**Exercise**
Word for word, copy the lines from the one with "Barbell Overhead Press." to the last line of the data below, counting both, and keep every picture out.

Data records
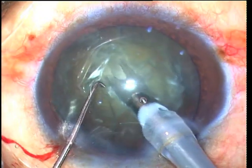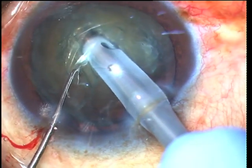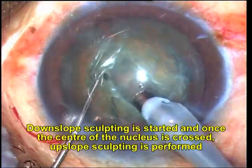Moderate flow, low vacuum, and continuous ultrasound power allows the phaco tip to move smoothly through the nucleus. The power used should be based on the nuclear density, with harder nuclei needing higher power.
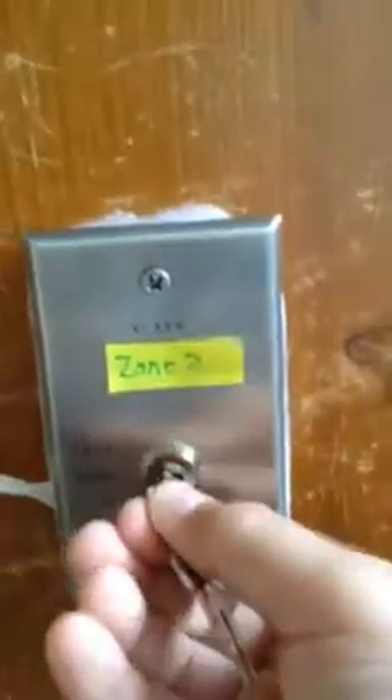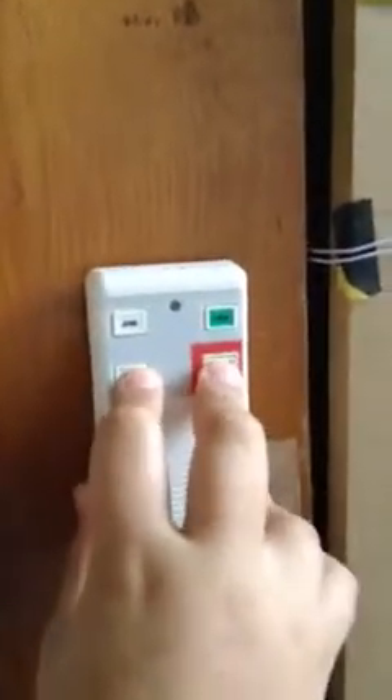My iPod's dying so let's start. This is zone 2, and this is the Simplex 4098-9806 key switch. Zone 2 is in bypass because I'm bypassing zone 6. I accidentally — well, I didn't accidentally buy this, but I didn't know it was just for 5800 systems. It's gigantic, about the size of my hand.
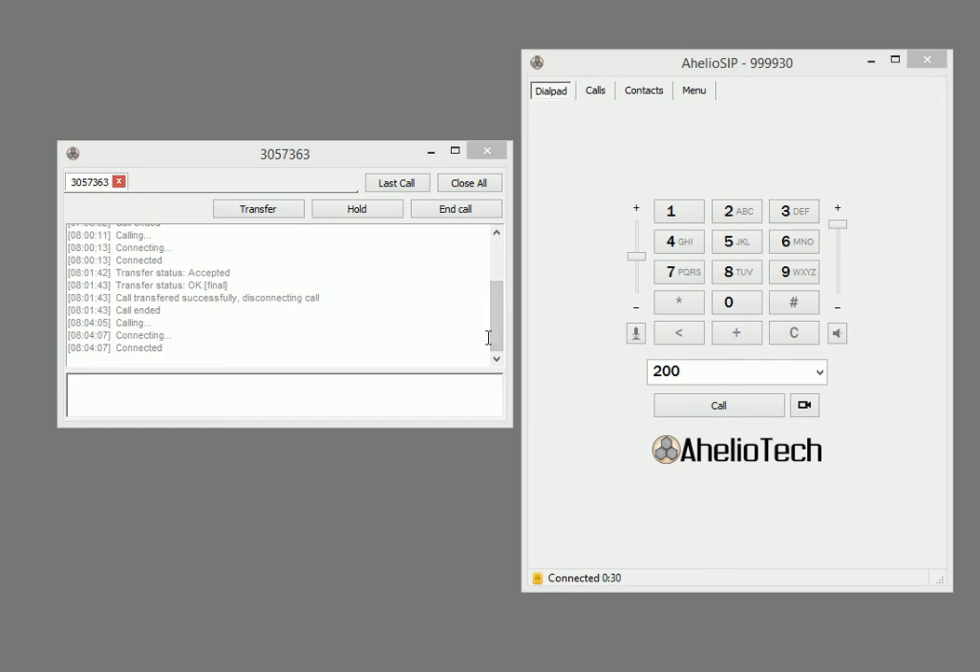To park a call so anyone in the office can pick it up, hit Transfer while you are connected to the call, type in 70, and hit OK.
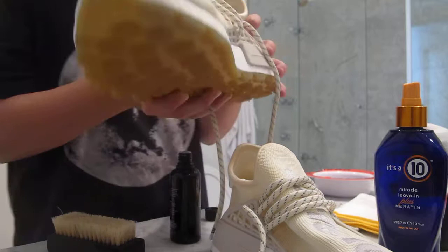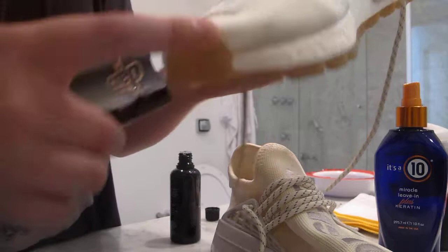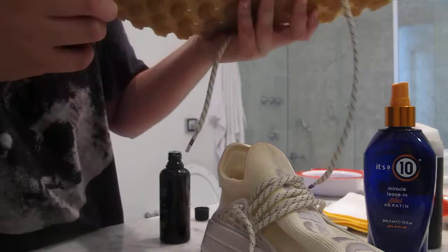Then it says to dip it again and just clean your shoe. I don't have a gorilla pod so I'll try my best to film. These are the dirty ones because yesterday someone stepped on them — the mark is right over here. You just clean in a circular motion like this, and a little bit of soap comes out as you can see. You just keep cleaning in circular motion until the stain comes out — in my case it just came out.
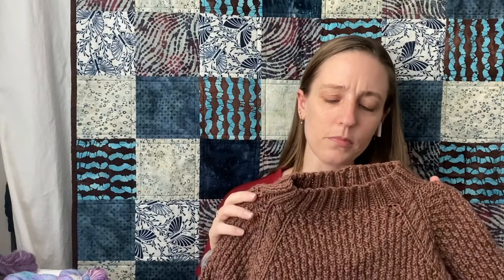The first work in progress I have to share is the Gib by Andrea Mowry — the Gib One, the more feminine-framed one with women's sizing. I cast this on since the last episode, so this is all progress I've made in the last couple of weeks. The yarn is a Jaggerspun Zephyr, a 50% wool, 50% silk blend, worsted weight, and the colorway I have is Sable.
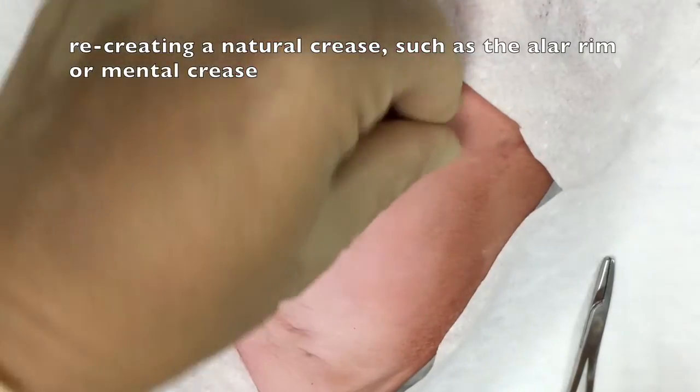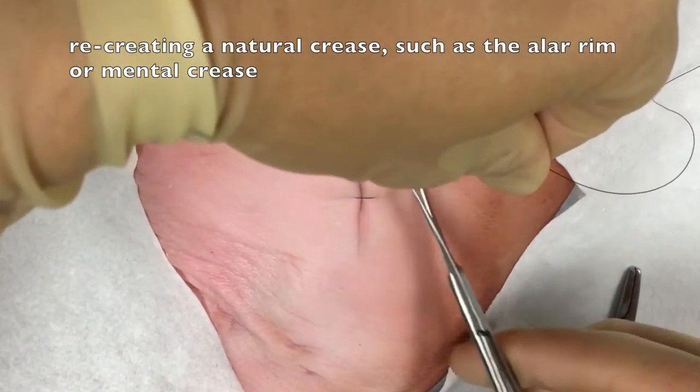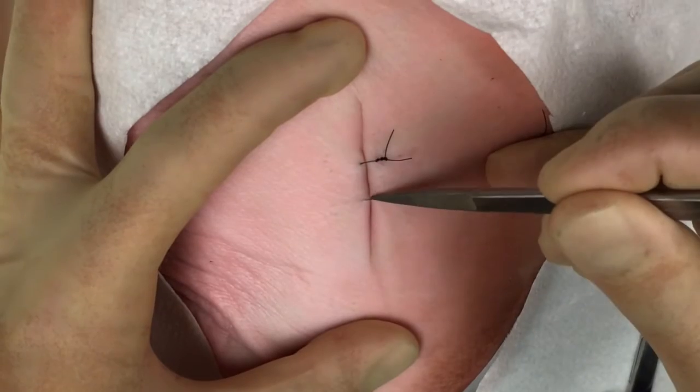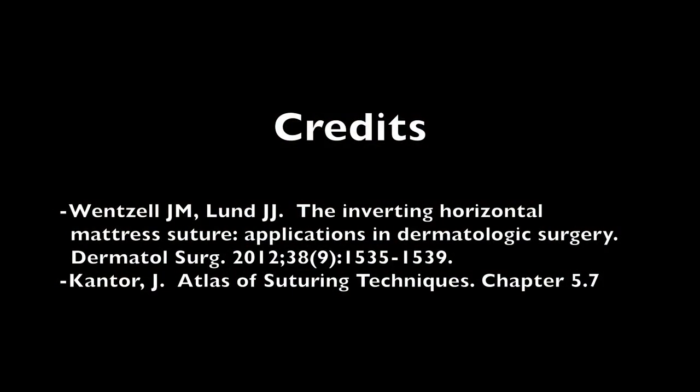For example, when you're trying to recreate a natural crease, such as right next to the nose, the alar rims, or perhaps the mental crease in a laceration of the chin. Here you see that marked inversion is created by the inverting horizontal mattress suture — a niche technique.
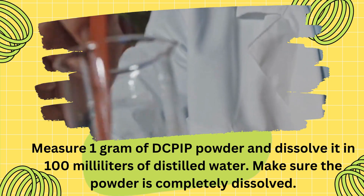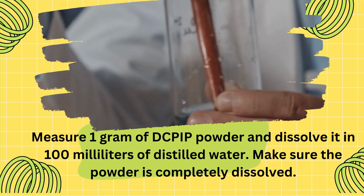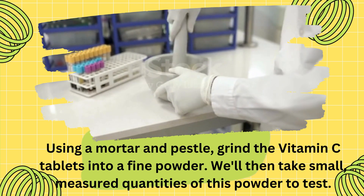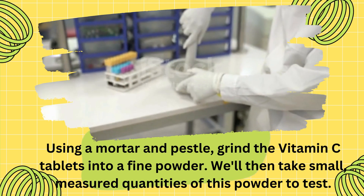Once your DCPIP solution is ready, it's time to prepare our vitamin C samples. Using a mortar and pestle, grind the vitamin C tablets into a fine powder. We'll then take small, measured quantities of this powder to test.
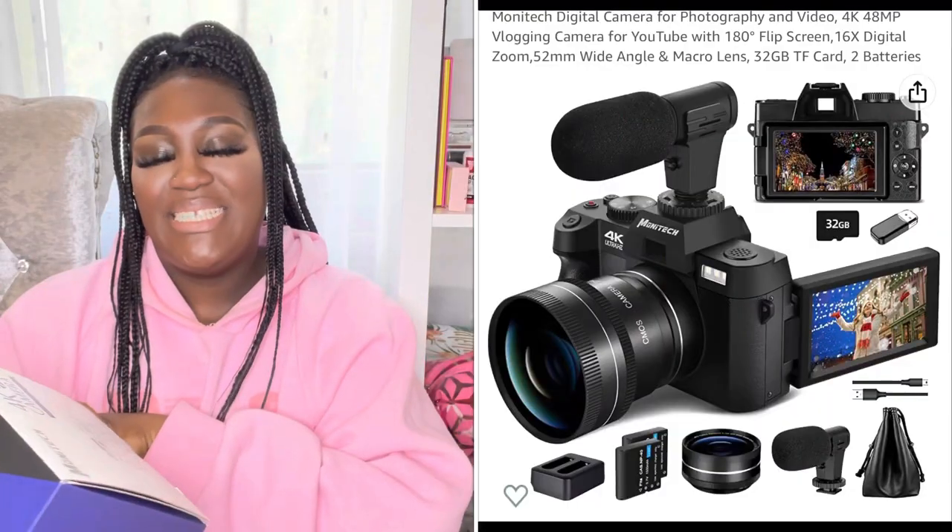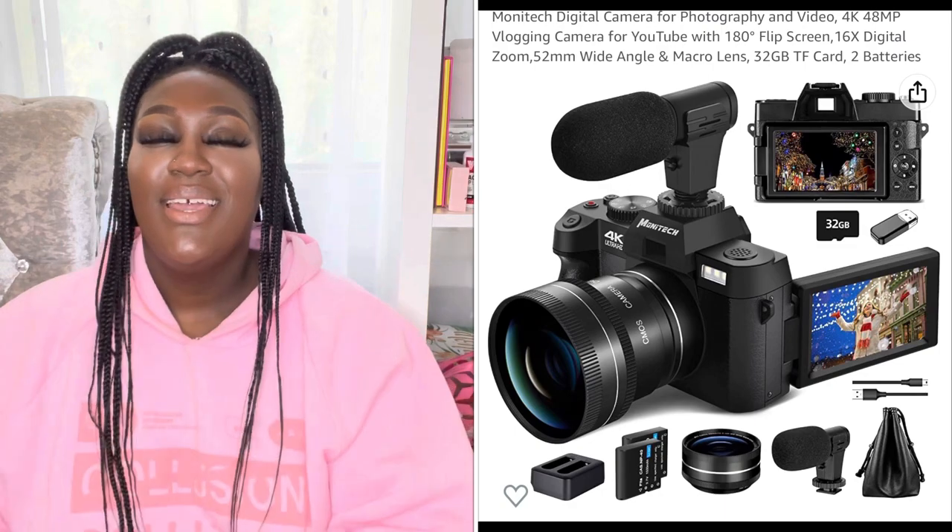Hey guys, it's Girl Russia Monique, welcome back to my channel. In today's video I'm going to be doing an unboxing of my new baby — my Monitech 4K camera. I've got another Canon camera that I paid over 500 pounds for, but I decided to get a small vlogging camera, which is what I'm going to use as of next week.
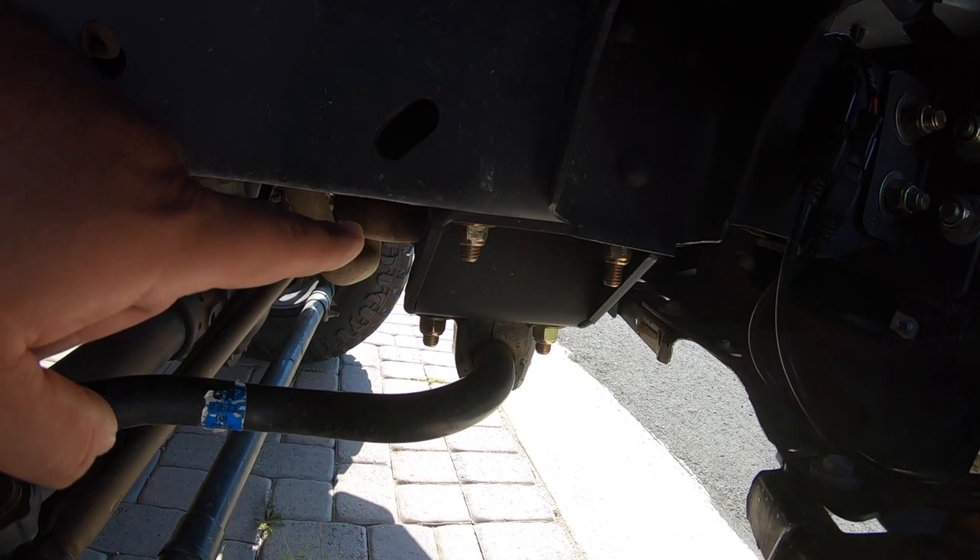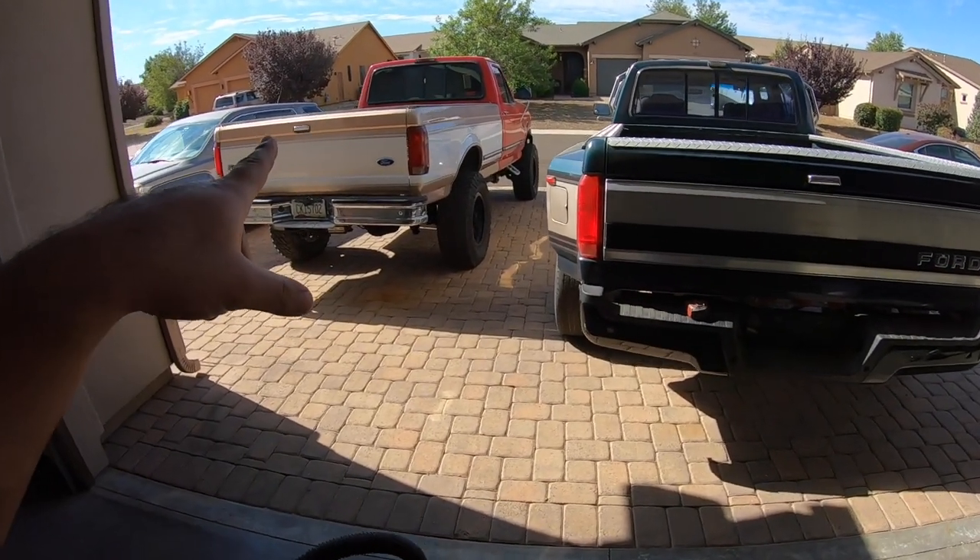Fourth question: sway bars — yes, I'm running the front sway bar using my bracket. You won't be able to just mount the sway bar straight to the frame; you will need some sort of bracket. If you'd like to support the channel, I sell sway bar brackets and track bar brackets for the swap. Right now all I offer is the sway bar brackets, the track bar brackets, and the coil bucket spacers for the 08 Plus coil buckets.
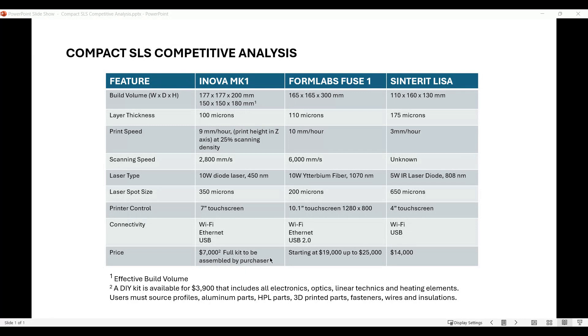On price: the ANOVA full kit ships for $7,000 and you fully assemble it yourself, but it has everything in it. The Formlabs Fuse 1 starts at $19,000 and can go up to $20,000 depending on add-ons. The Sinterit Lisa is listed at $14,000. So that is quite a comparison.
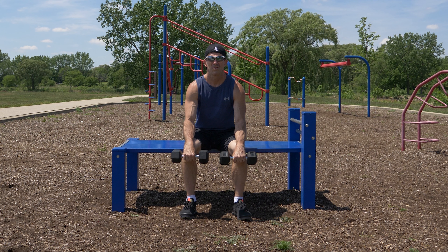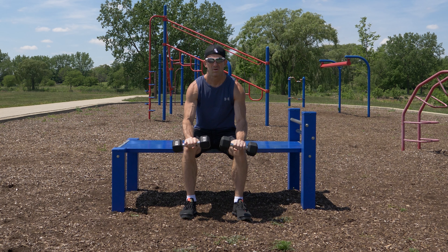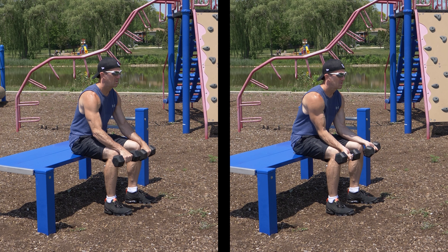From this position, curl your wrists upwards, raising the dumbbells up to a point that is comfortable for you, then back down to the starting position. You can do two sets of eight to twelve repetitions per set. Both of these exercises target your forearms and can also help improve your grip strength.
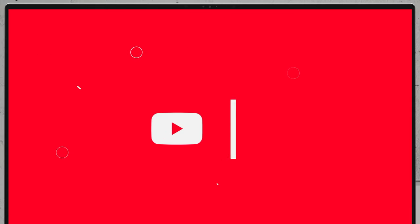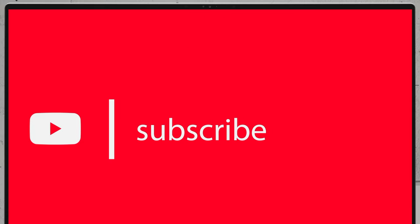If you'd like to see more disassembly videos of the latest notebooks, we would highly appreciate if you hit the like button and subscribe to the channel.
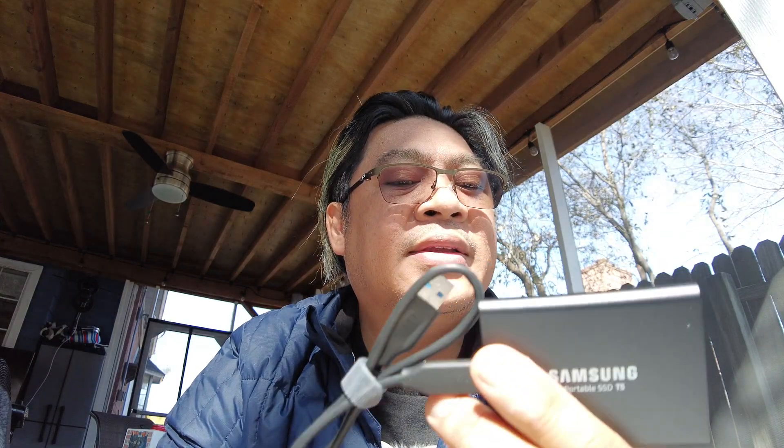That's what you need to know. We're going to plug it in, and that should be about what this review is all about. Thanks for stopping by.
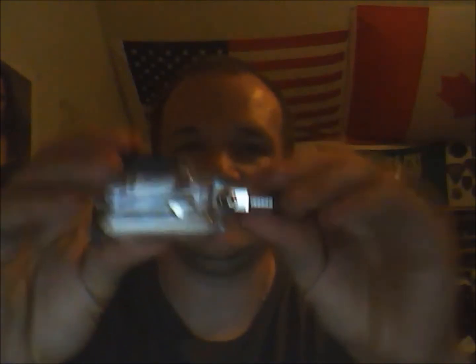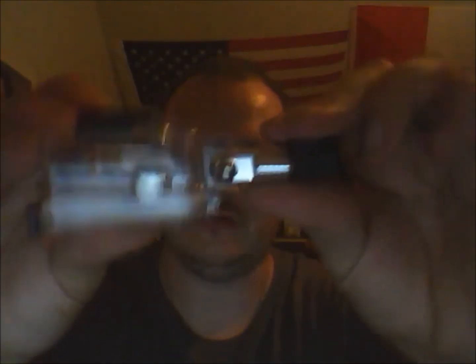Another thing is it's not recessed like the other mounts are. So I just use a pair of pliers and grab hold of it to tighten it down. And it holds pretty secure — I don't have it really tight, but you know.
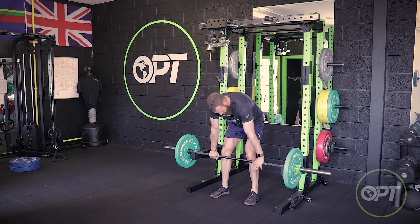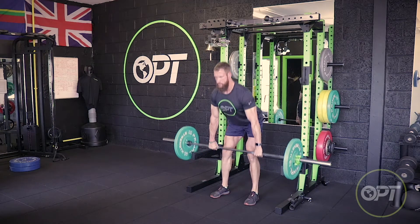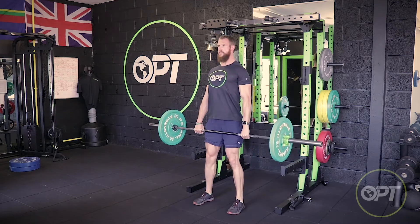Barbell Overhead Press. Adopt an overhand shoulder-width grip and start with the bar at the collarbones.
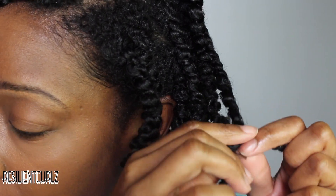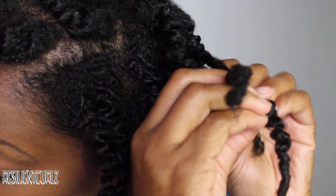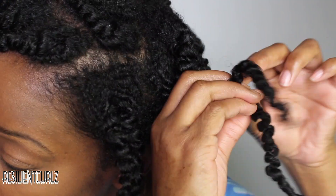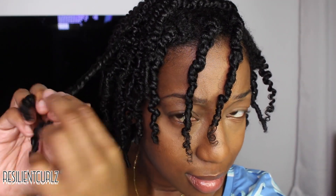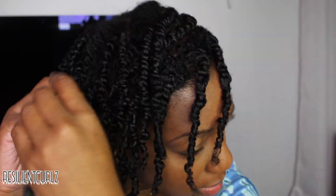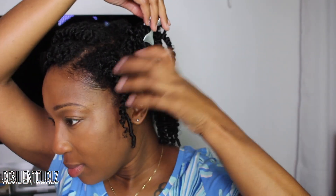If your ends get frizzy, twist them back in the original direction as if you were twisting it in, and keep doing this until you are satisfied.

**Your solution**
Barbell Overhead Press. Adopt an overhand shoulder-width grip and start with the bar at the collarbones.
If your ends get frizzy, twist them back in the original direction as if you were twisting it in, and keep doing this until you are satisfied.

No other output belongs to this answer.